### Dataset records
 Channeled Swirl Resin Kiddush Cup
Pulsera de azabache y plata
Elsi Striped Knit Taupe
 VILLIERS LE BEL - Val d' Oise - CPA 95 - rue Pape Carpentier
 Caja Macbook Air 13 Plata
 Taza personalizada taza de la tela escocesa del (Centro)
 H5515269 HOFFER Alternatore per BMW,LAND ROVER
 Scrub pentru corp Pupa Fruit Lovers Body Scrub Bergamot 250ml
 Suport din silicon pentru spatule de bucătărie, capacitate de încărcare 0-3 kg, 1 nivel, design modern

==

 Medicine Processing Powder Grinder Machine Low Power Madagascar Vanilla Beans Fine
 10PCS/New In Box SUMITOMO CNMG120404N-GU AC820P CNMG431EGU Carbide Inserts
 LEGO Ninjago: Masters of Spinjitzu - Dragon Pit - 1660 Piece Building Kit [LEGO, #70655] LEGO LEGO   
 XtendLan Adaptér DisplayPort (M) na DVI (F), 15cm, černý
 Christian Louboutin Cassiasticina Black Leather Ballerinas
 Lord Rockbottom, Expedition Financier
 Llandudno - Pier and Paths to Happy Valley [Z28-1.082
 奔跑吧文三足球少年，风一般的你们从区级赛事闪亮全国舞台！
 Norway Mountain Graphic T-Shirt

### Task directions
When the line with "Channeled Swirl Resin Kiddush Cup" is reached in the data above, start copying there, and copy each line exactly until the line with "Suport din silicon" has been copied; copy nothing else.

### Output for this exercise
 Channeled Swirl Resin Kiddush Cup
Pulsera de azabache y plata
Elsi Striped Knit Taupe
 VILLIERS LE BEL - Val d' Oise - CPA 95 - rue Pape Carpentier
 Caja Macbook Air 13 Plata
 Taza personalizada taza de la tela escocesa del (Centro)
 H5515269 HOFFER Alternatore per BMW,LAND ROVER
 Scrub pentru corp Pupa Fruit Lovers Body Scrub Bergamot 250ml
 Suport din silicon pentru spatule de bucătărie, capacitate de încărcare 0-3 kg, 1 nivel, design modern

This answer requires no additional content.